Work request:
Every line of the material needs an exact copy, apart from the images.

Data excerpt:
-------
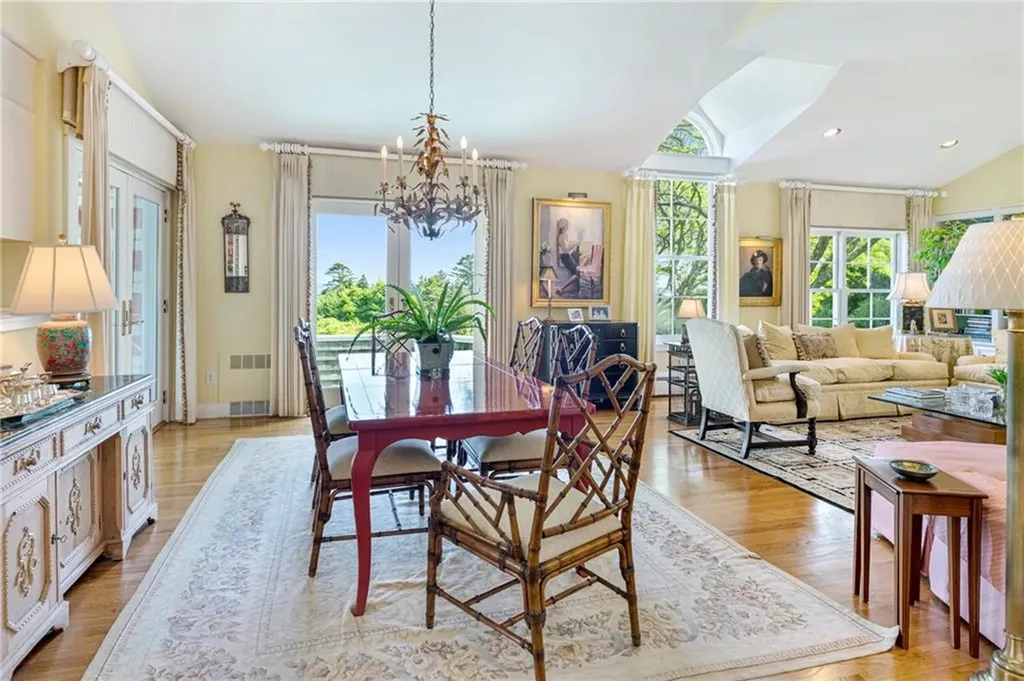 315 Ocean Avenue Newport RI 02840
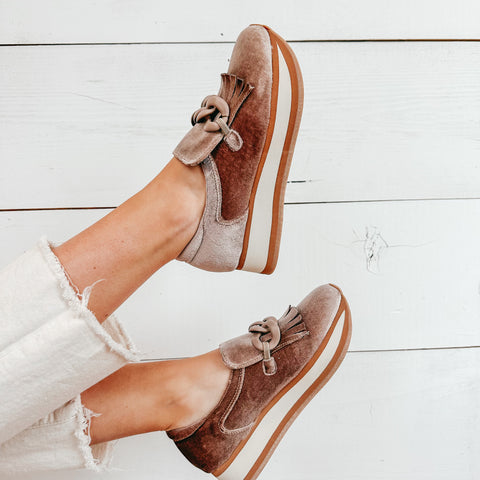 Bess Sneaker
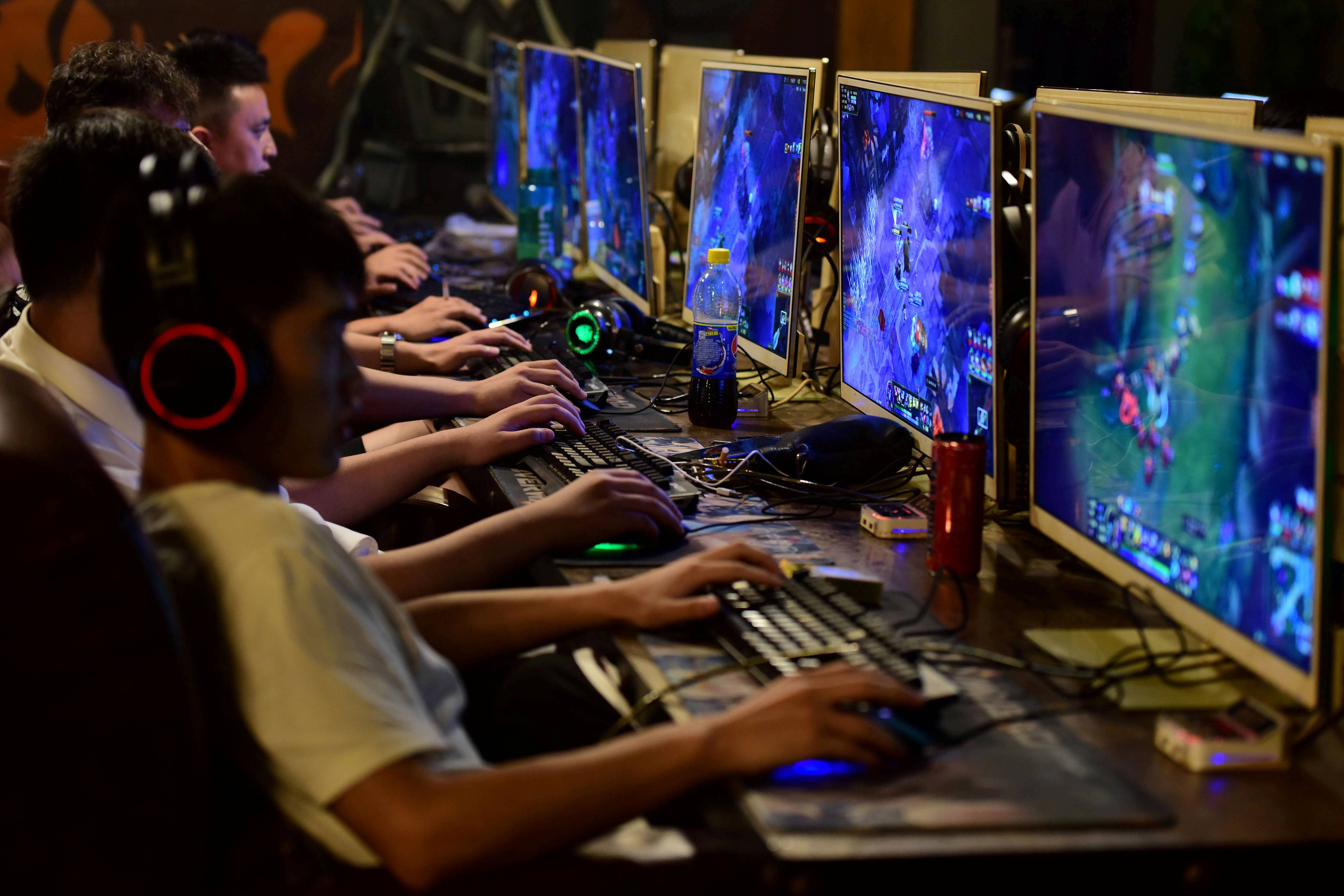 GAMING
-------
Completed exercise:
 315 Ocean Avenue Newport RI 02840
 Bess Sneaker
 GAMING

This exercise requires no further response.